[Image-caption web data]

------------

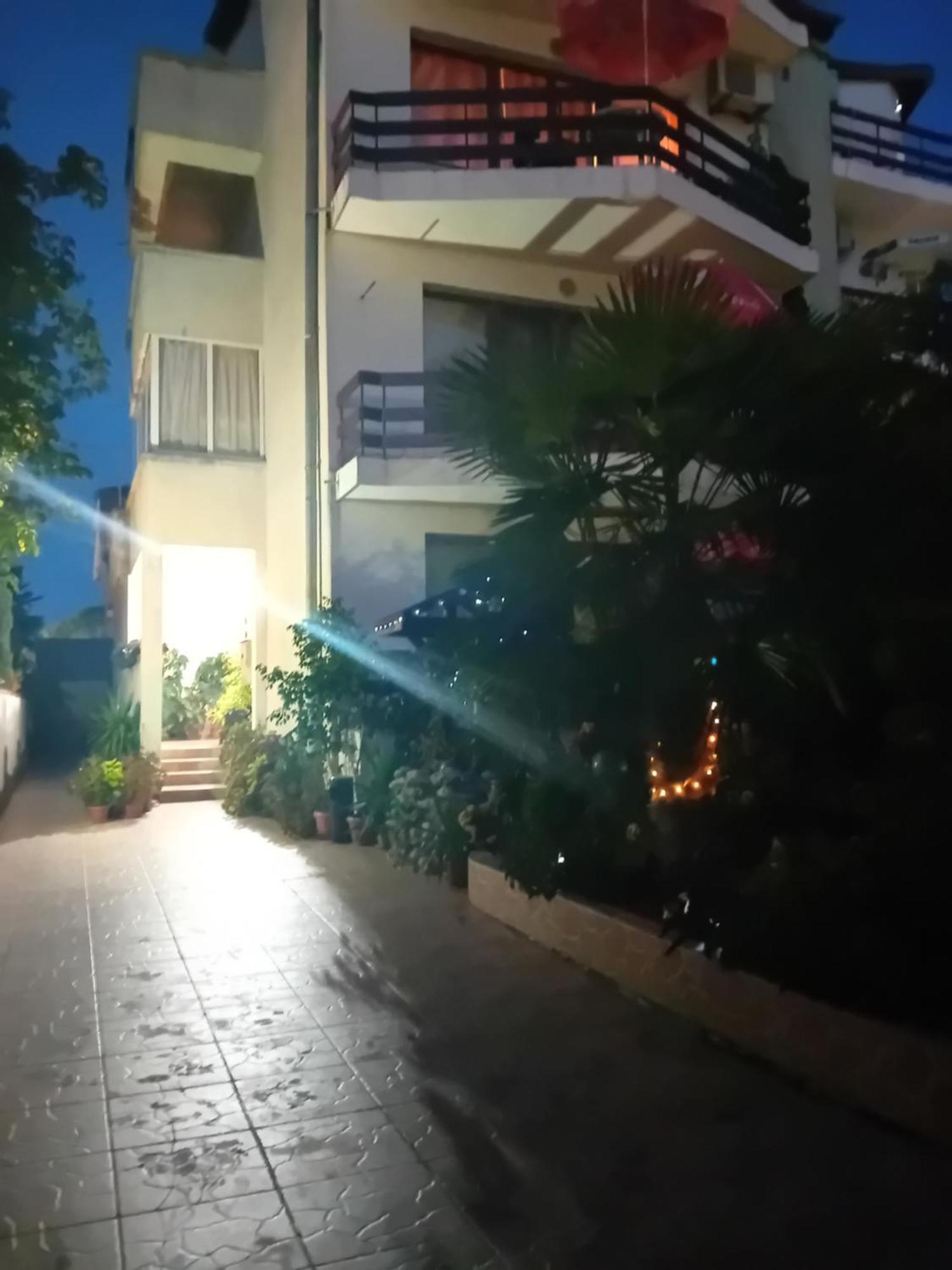 Guest House Urdoviza Kiten  Exterior photo
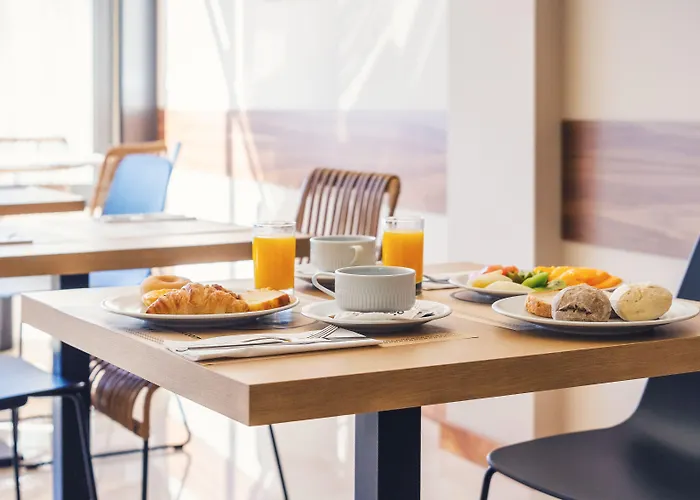 Hotel Select - Private Parking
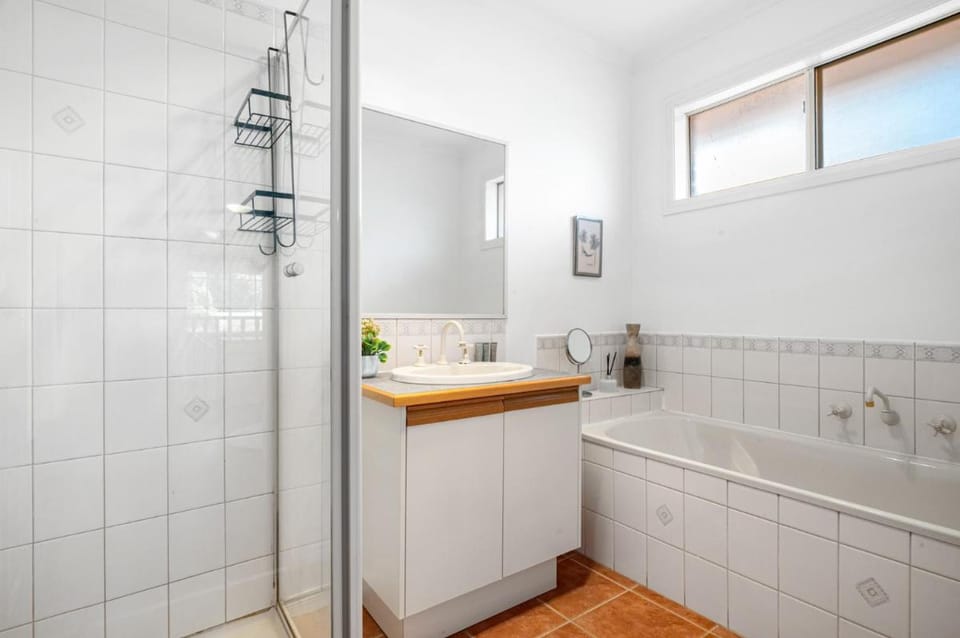Comfortable Family Stay in Caroline Springs Vacation rental in Truganina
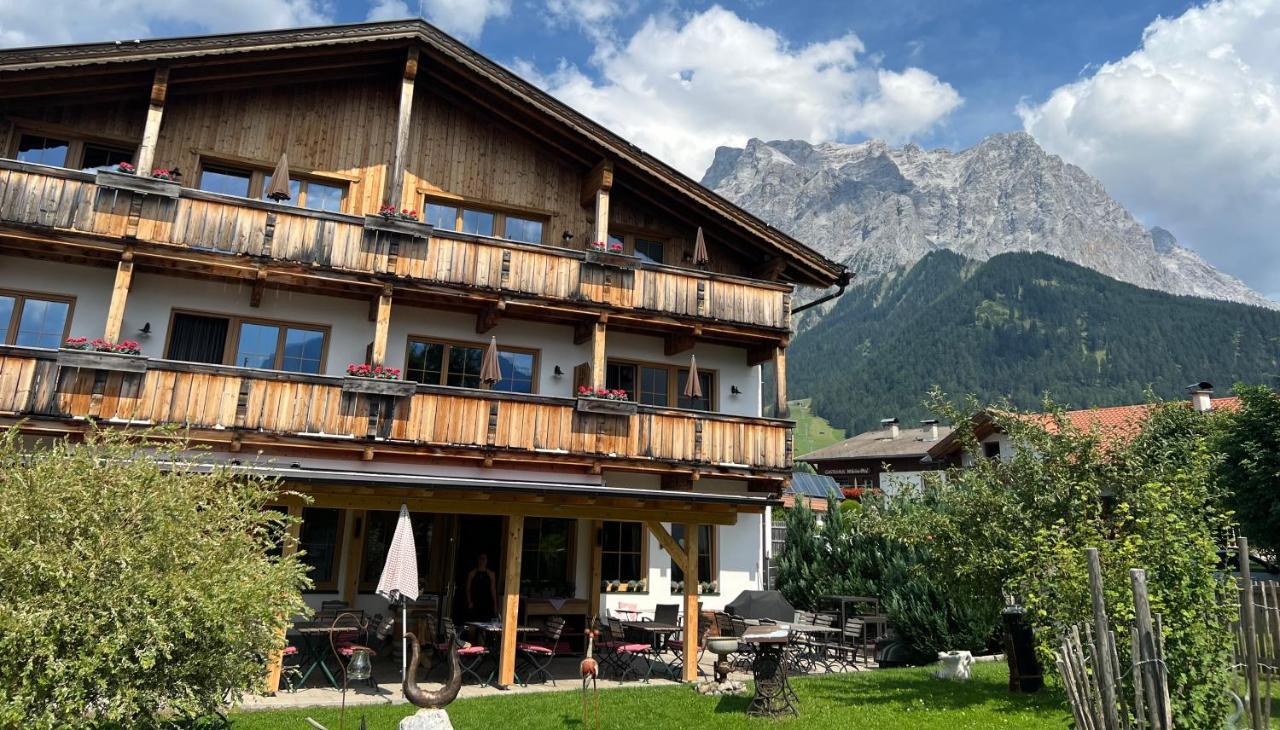 Hotel Zum Urviech -Erwachsenenhotel- (Adults Only) Ehrwald Bagian luar foto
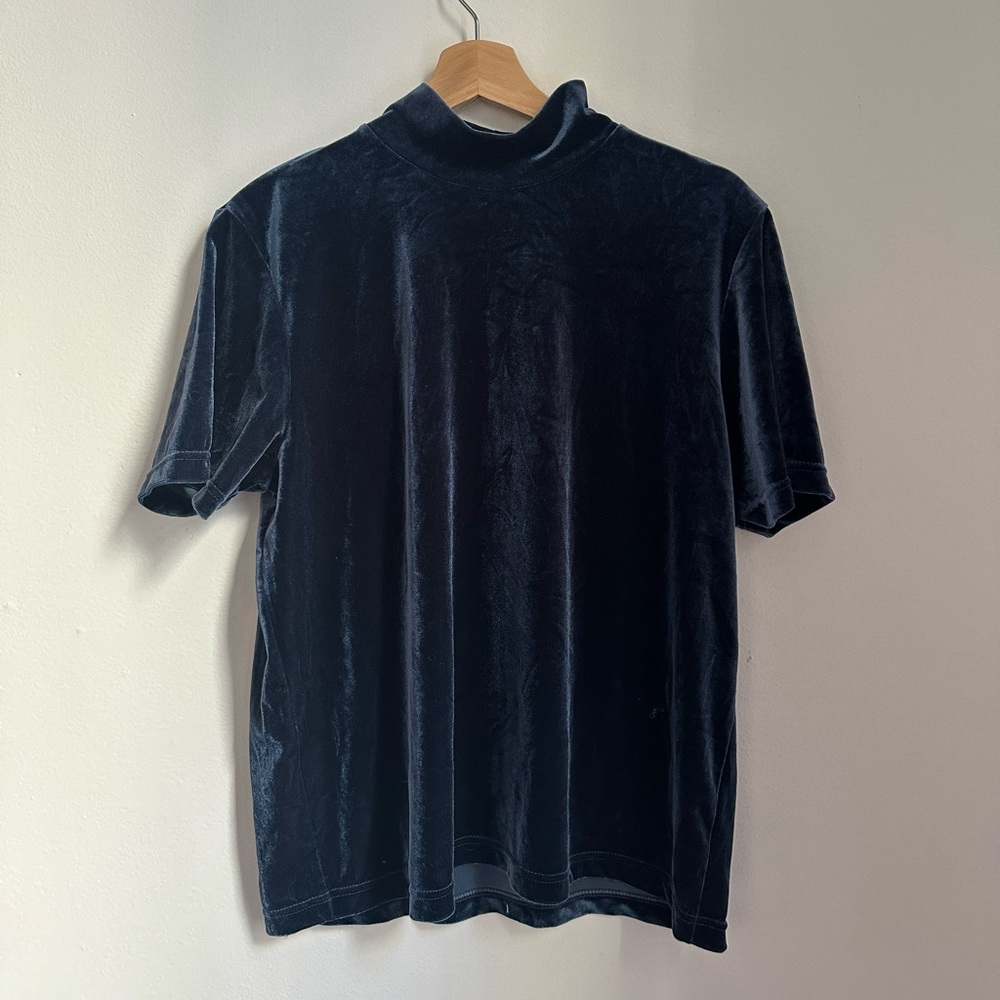 Turtle neck tshirt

------------

Work instruction:
Transcribe nothing but the lines from the one containing "Hotel Zum Urviech" through the final line of the records, exactly as written and without pictures.

Exercise response:
 Hotel Zum Urviech -Erwachsenenhotel- (Adults Only) Ehrwald Bagian luar foto
 Turtle neck tshirt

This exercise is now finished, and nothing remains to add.